It’s nearing the end of triathlon season. Used CO2 cartridges, flat tubes, empty salt packs and half-eaten gels litter the back seat of your car. Your race t-shirt inventory has grown, and you have funny looking tan lines.

You trained hard and you competed hard, and now it’s time to rest, recover and reboot.

Review your past season

Take some time to reflect on your past season. What worked and what didn’t, and why. Learn from your mistakes and your successes.

Rest and recover

Don’t fall into the trap of attempting to carry your personal record fitness through to next spring. Rest (and recovery) is an important aspect of your training program because it allows your body time to repair and strengthen itself between workouts. Even pro athletes don’t train 365 days a year.

Back off on structured training. For the first few weeks after your season is over, have fun and let your heart guide your activities. Try some new ones. The region of Mont-Tremblant is a playground; enjoy it. Once you feel totally rested, gear back up, but not with the intensity you held during your peak training period. Allow your body some down time.
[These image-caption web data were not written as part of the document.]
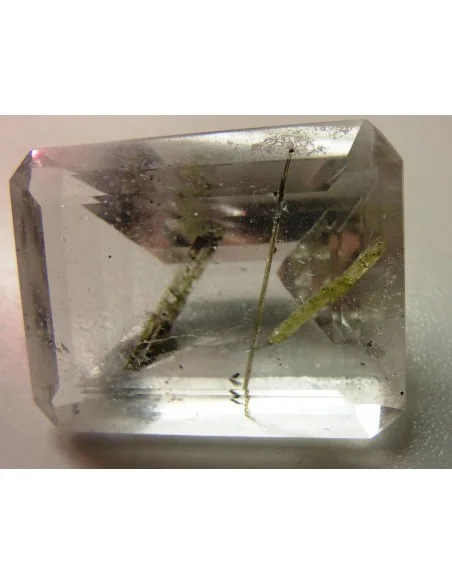 Quartz verdelite gemme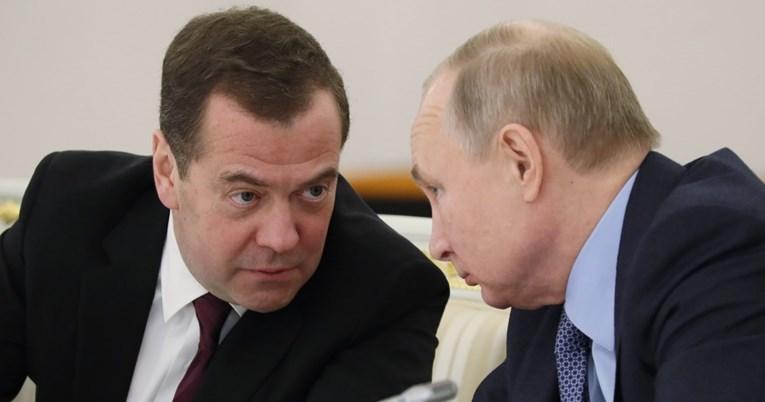 Medvedev: Neke ciljeve nismo gađali zbog naše urođene dobrote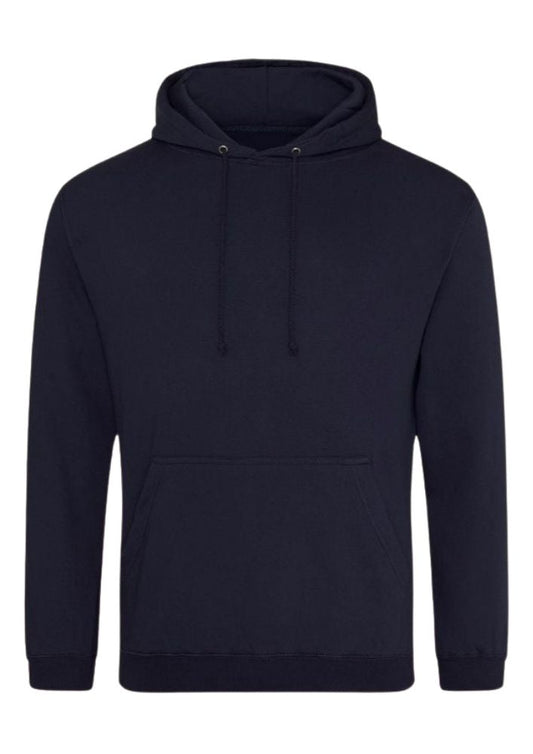 CURVE | BLACK HOODIE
Address injuries and repair your body

Take the time to focus on aches, pains and injuries, and address them to ensure you start your 2019 season healthy and injury free.

Strength train

While your swim, bike and run intensities will decrease during your off season, building strength during the off season will make you a more efficient triathlete. An endurance athlete is only as strong as his or her core – the stronger your core, the more efficient your swim, bike and run. A strong body will get you moving faster in all three disciplines, and it will require less effort for you to do so.

Plan your next season

Set your goals for your next season and structure your off-season training to achieve those goals. There is no ‘one-size-fits-all’ training plan. What you do in the off season should reflect your goals for next year.

The old adage “no pain, no gain” is the enemy of endurance athletes. While pushing limits is important to long-term success, it is also important to enjoy your chosen sport, so that your love for it will last a lifetime. Use your off season to rekindle that passion, so that your fire will burn even brighter next season.